Flexible members have been used with rotary drilling assemblies. U.S. Pat. No. 5,538,091 discloses a bottom hole assembly for connection to a drill string for use in directing the path of a drill bit while rotary drilling. The bottom hole assembly includes a modified cutting assembly, a stabilizer, and a flexible member interposed between the modified cutting assembly and stabilizer for drilling a predetermined portion of the hole. The modified cutting assembly may include a symmetric drill-bit assembly and a bent sub or a drill bit having cutters with a non-radially symmetric pattern. The flexible member is made of a material having a lower Young's modulus than steel and/or a member with a smaller wall thickness than the remainder of the bottom hole assembly. The flexible member may be provided by an aluminum drill collar or a composite material drill collar. Additionally, the flexible member may be an articulated member.
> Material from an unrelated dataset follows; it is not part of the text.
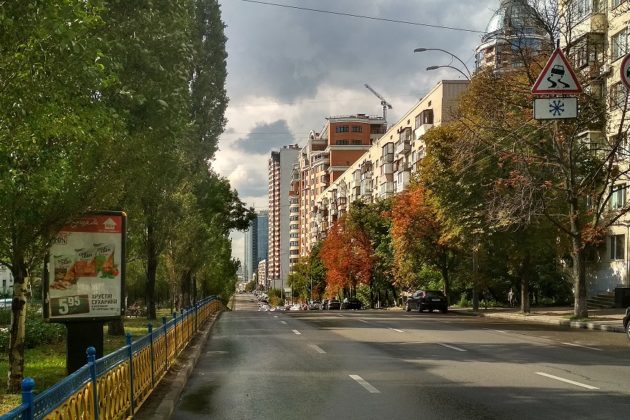Ремонт на 22,5 млн. На бульварі Лесі Українки оновлять дорожнє покриття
That portion of the bottom hole assembly below the stabilizer is designed so that portion does not sag to the extent that it contacts the borehole wall when the drill string is inclined to vertical.
Further, it is known to place "compressive service" drill pipe or reduced diameter collars between the drilling assembly and drill collars to reduce stress on the drilling assembly. However, placing the flexible member above the collars relieves stress at the top of the motor but does not adequately relieve bit side loads. Placing the flexible member above the motor also does not have the desired effect of increasing build rates while preventing the motor from binding in the curved wellbore.
The bottom hole assembly of the present invention overcomes the deficiencies of the prior art.